The gambling establishment’s activities produced earnings of €4 million, a rise of 69.6% annually. Lodging income contributed €27.9 million to the overall earnings, while other operational earnings reached €43.4 million.
Operational Earnings
Income was affected by numerous expenditures. The most significant was staff costs, totaling €168 million, a rise of 61.2% annually.
Purchases and external expenses decreased by 6.9% to €122 million. The third largest expense of the year was depreciation and impairment of fixed assets, at €51.5 million, an increase of 4.7% annually.
Other expenses included membership fees and taxes, as well as other operational expenditures.
This resulted in an operating profit of €23.1 million for the year, an increase of €69.5 million.

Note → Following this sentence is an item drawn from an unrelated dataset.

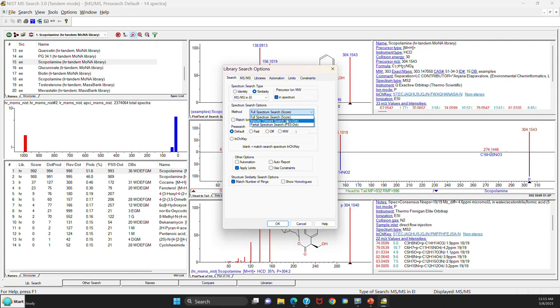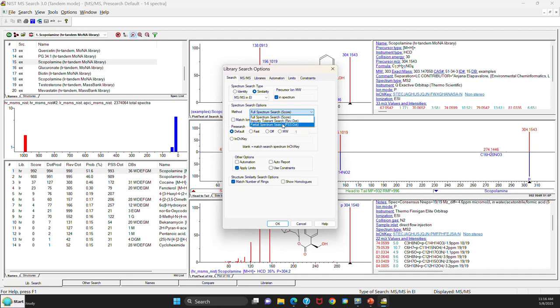If you look at the full spectrum search, that's much like a standard search. The impurity tolerant was what it would be called before would be the reverse search. And that does not penalize you if there are extra ions in your spectrum of the unknown as compared to the library spectrum, so it doesn't affect the score.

Other non-current operating income amounted to €3.5 million, and this, plus the outcome of the sale of consolidated holdings, at €14.1 million, brought total operating income to €40.7 million, an increase of 86.2% annually.
Financial costs totaled €2.3 million, bringing pre-tax profit to €38.4 million, an increase of €87.7 million.
After considering income tax of €0.5 million, VAT of €1.7 million and equity method adjustments of €0.1 million, total net profit for the year amounted to €37.1 million. This represents an increase of €93 million compared to the same period last year.